Highly entertaining and inventive animated adaptation of Victor Hugo's classic novel. Tom Hulce
provides the voice for Quasimodo, the title character. As a babe, his gypsy mother is slain
by the evil Judge Frollo (Tony Jay), but the archdeacon (David Ogden Stiers) saves Quasimodo's life
and demands Frollo raise the child. Frollo does so, but keeps the deformed hunchback a
virtual prisoner in the bell towers of Notre Dame. Twenty years later, Quasi's only friends
are three gargoyles, Victor (Charles Kimbrough), Hugo (Jason Alexander) and Laverne (Mary Wickes), who come
to life when no one else is around. He yearns to venture among the other people of the city...and
seizes his chance during the Festival of Fools. Among the people he does meet are Esmerelda (Demi Moore),
an exotic Gypsy woman, and Phoebus (Kevin Kline) the heroic captain of the guard who chafes under
Frollo's cruel orders. The Hunchback of Notre Dame is a darker, and far more richer film than the traditional
Disney cartoon. That's not to say that it isn't a film for children...far to the contrary. Despite all
the controversy over the subject matter, this film rests solidly on the G side of the G/PG line.

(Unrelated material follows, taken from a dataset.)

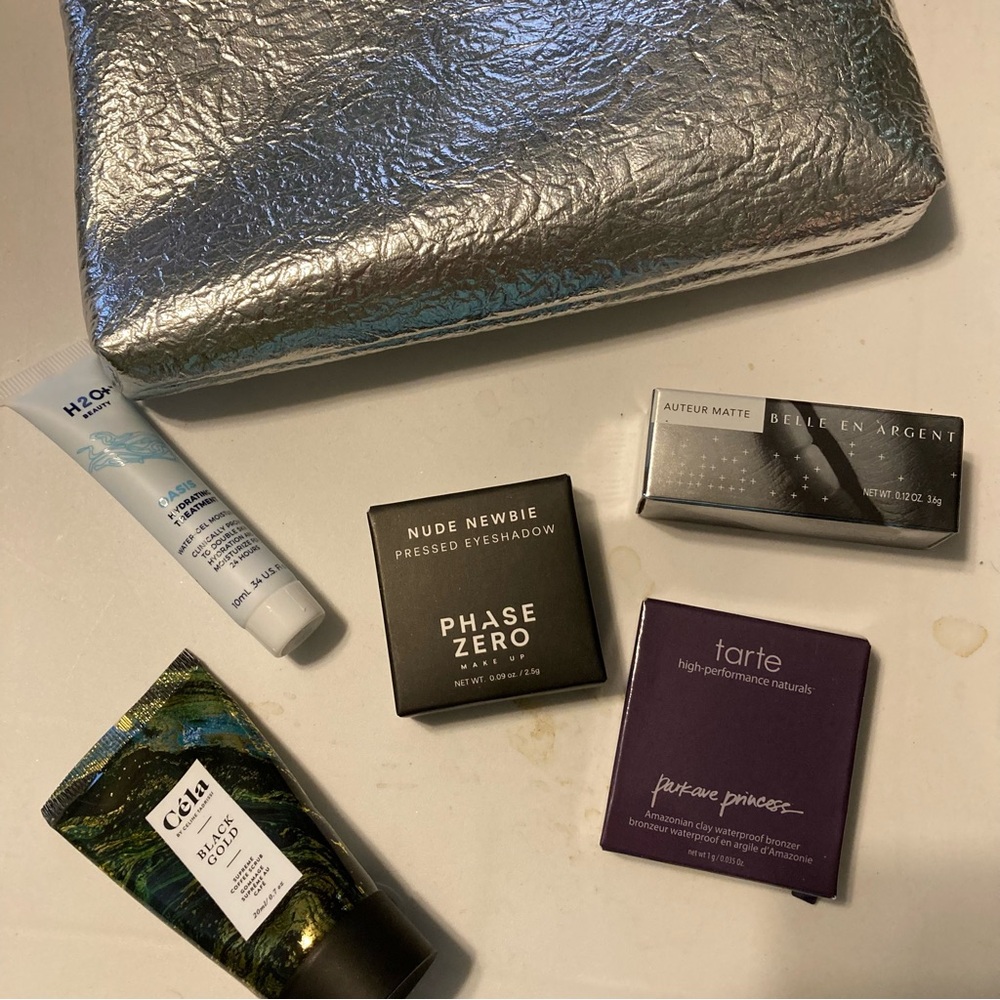 Silver Cosmetic Bag with Makeup Set Tarte Phase Xero Cela Belle en Argent travel
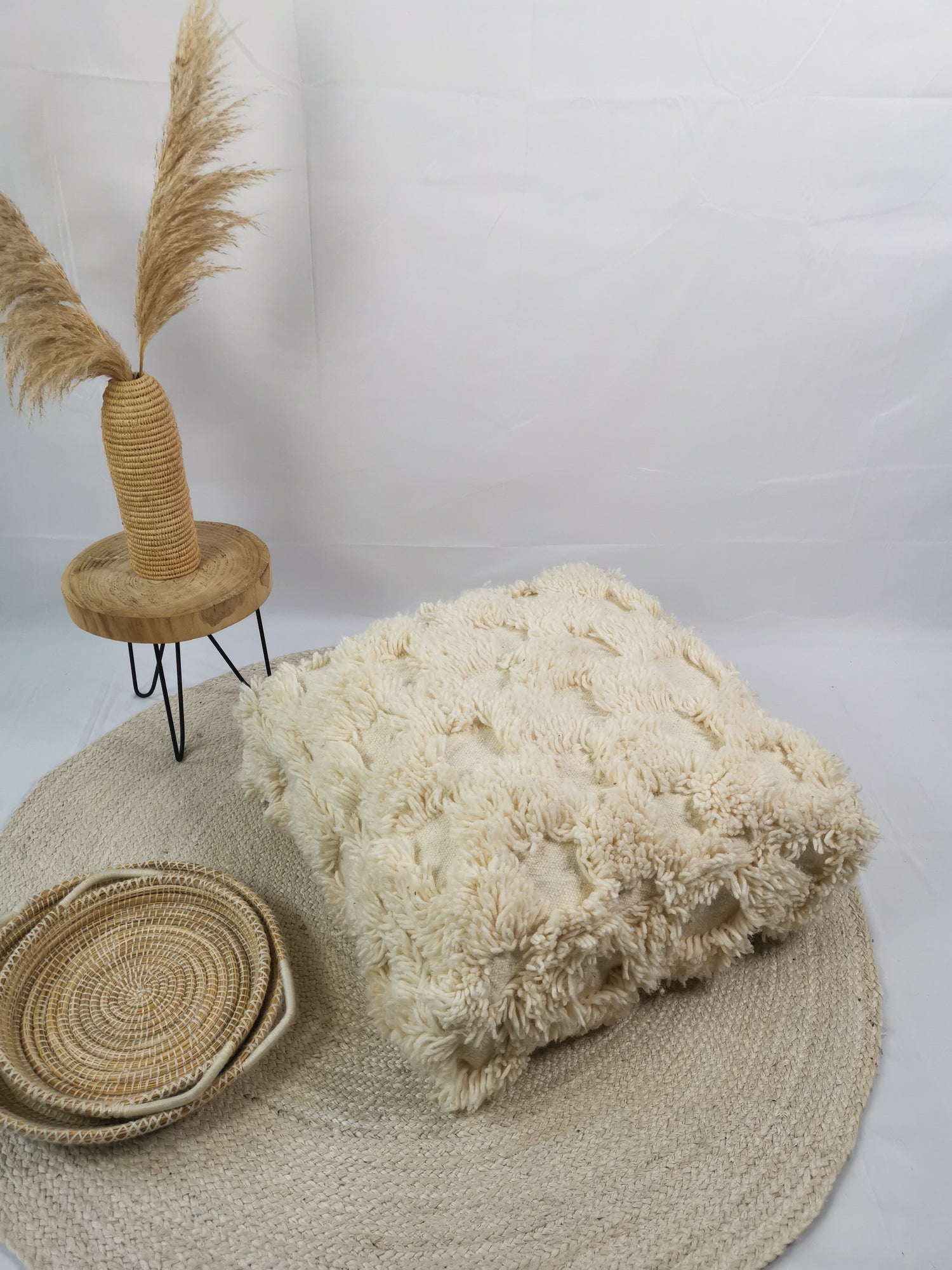 Pouf marocain, coussin de sol berbère léger, pouf en laine à carreaux, coussin d'assise à carreaux vintage, Beni Ourain, coloris crème, naturel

There are a few scary scenes, as there are in most Disney cartoons...but any child who is
old enough to go to a movie theater should be able to survive, and will be thoroughly entertained, as will
adults. Children will be able to understand the story on its simple levels, while adults can revel in
the fascinating depth of the plot and characters. The animation is top-notch, as we have come
to expect from Disney, with some marvelously integrated computer animation and tremendously
detailed cel work. Alan Menkin's songs are enjoyable and serve as more than just filler.
This is Disney's best cartoon in years, and one of the best films of the year.